US Government Now Wants Anthropic's 'Mythos', Preparing for AI Cybersecurity Threats (politico.com) 24

Friday Anthropic's CEO met with top U.S. officials and "discussed opportunities for collaboration," according to a White House spokesperson itedd by Politico, "as well as shared approaches and protocols to address the challenges associated with scaling this technology."

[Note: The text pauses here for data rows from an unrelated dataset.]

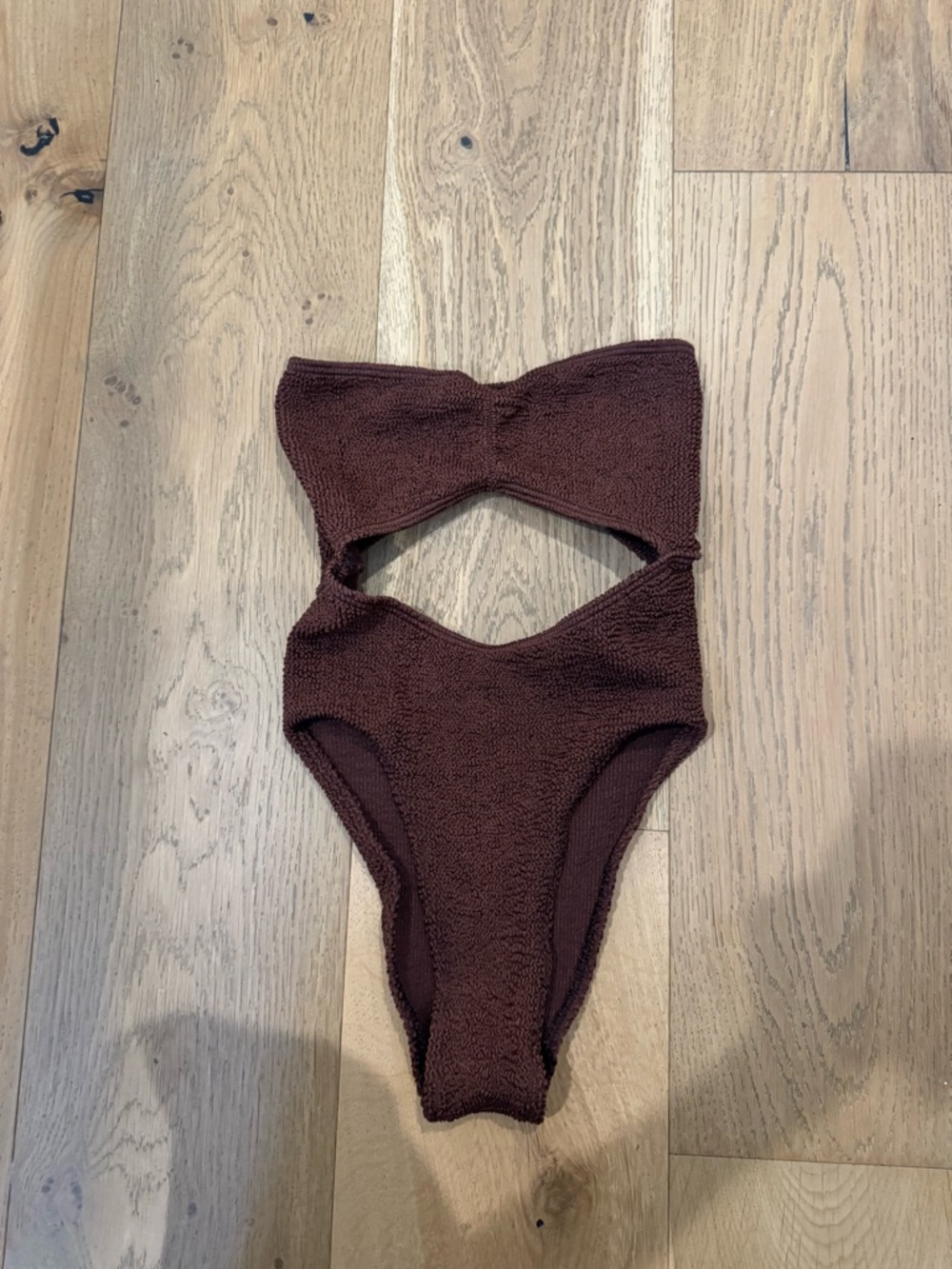 Bond-Eye Brown Crinkle Cutout One Piece One Size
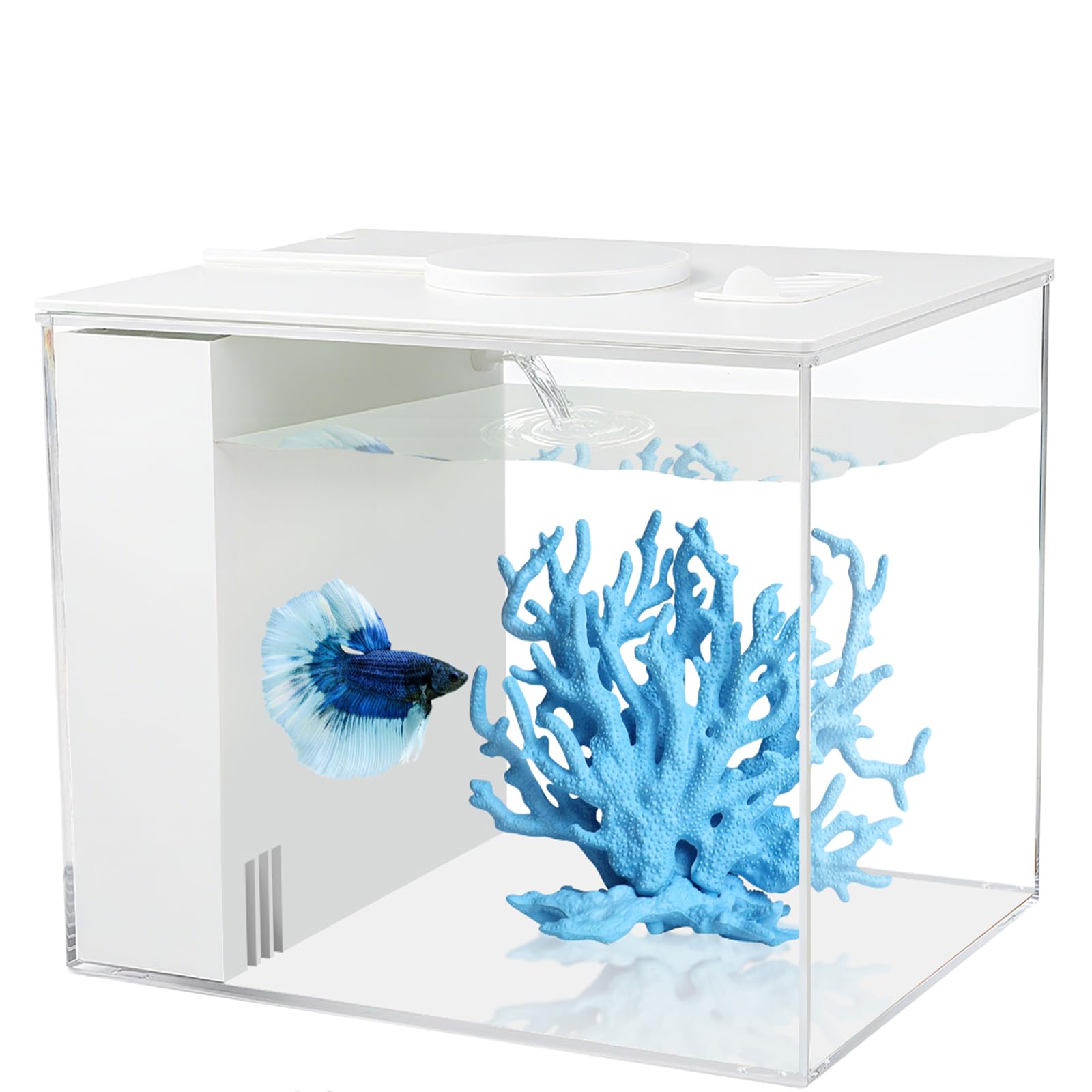 Betta Fish Tank Small Aquarium 3.8L/ 0.83UKgal Self Cleaning Fish Tank Starter Kit with Filter,Light and Adjustable Water Pump All-in-one Smart Desktop Aquarium for Shrimp Goldfish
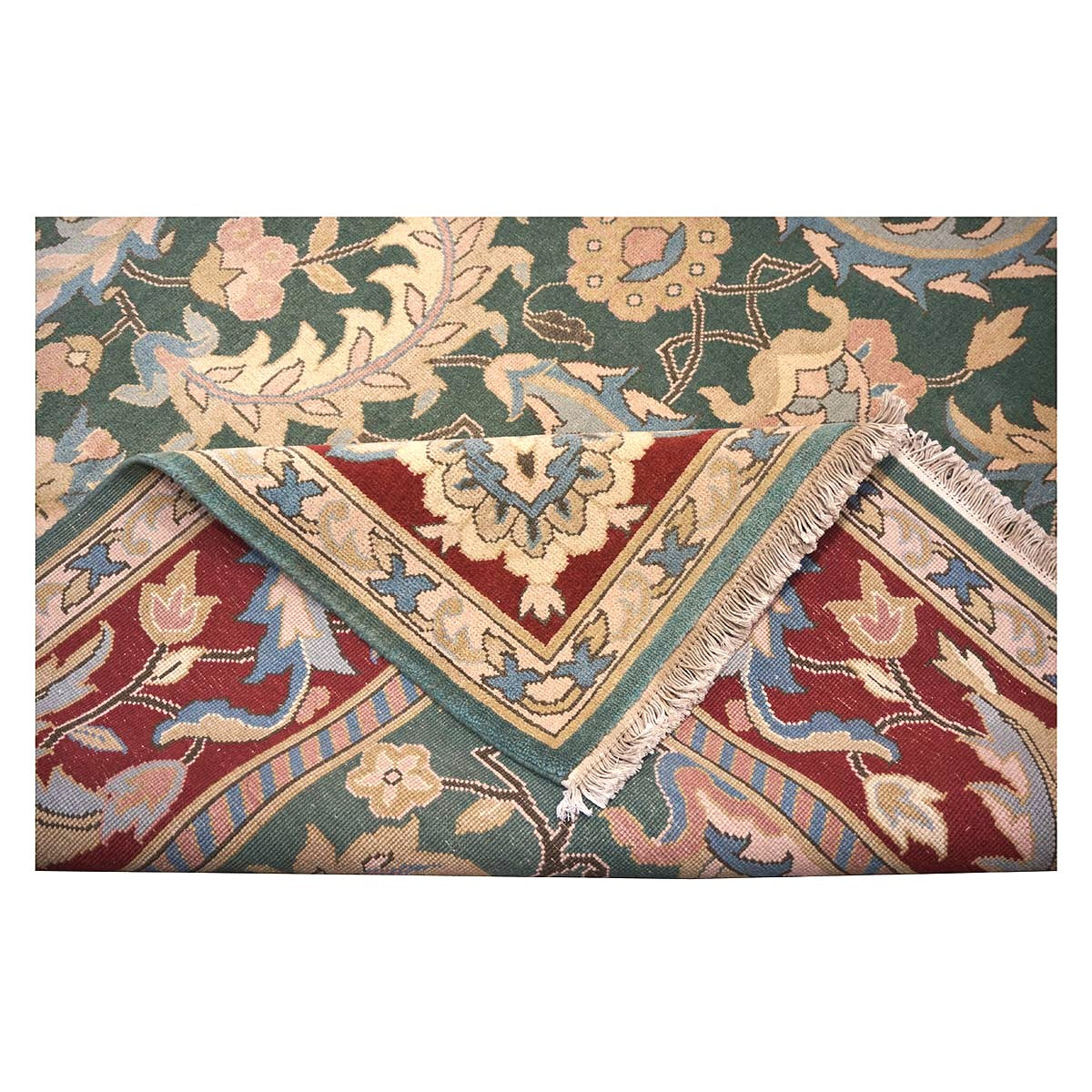 Chinese Oushak Wool 8x11 Green, Tan & Rust Handmade Area Rug #1144763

CNN notes the meeting happens at the same time Anthropic "battles the Trump administration in court for blacklisting its Claude AI model..." The meeting took place as the US government is trying to balance its hardline approach to Anthropic with the national security implications of turning its back on the company's breakthrough technology — including its Mythos tool that can identify cybersecurity threats but also present a roadmap for hackers to attack companies or the government... The Office of Management and Budget has already told agencies it is preparing to give them access to Mythos to prepare, Bloomberg reported. Axios reported the White House is also in discussion to gain access to Mythos.
The Trump administration "recognizes the power" of Mythos, reports Axios, "and its highly sophisticated — and potentially dangerous — ability to breach cybersecurity defenses." "It would be grossly irresponsible for the U.S. government to deprive itself of the technological leaps that the new model presents," a source close to negotiations told us. "It would be a gift to China"... Some parts of the U.S. intelligence community, plus the Cybersecurity and Infrastructure Security Agency (CISA, part of Homeland Security), are testing Mythos. Treasury and others want it.
The White House added they plan to invite other AI companies for similar discussions, Politico reports. But Mythos "is also alarming regulators in Europe, who have told POLITICO they have not been able to gain access..." U.S. government agency tech leaders sought access to the model after Anthropic earlier this year began testing the model and granted limited access to a select group of companies, including JPMorgan, Amazon and Apple... after finding it had hacking capabilities far outstripping those of previous AI models. This includes the ability to autonomously identify and exploit complex software vulnerabilities, such as so-called zero-day flaws, which even some of the sharpest human minds are unable to patch. The AI startup also wrote that the model could carry out end-to-end cyberattacks autonomously, including by navigating enterprise IT systems and chaining together exploits. It could also act as a force-multiplier for research needed to build chemical and biological weapons, and in certain instances, made efforts to cover its tracks when attacking systems, according to Anthropic's report on the model's capabilities and its safety assessments.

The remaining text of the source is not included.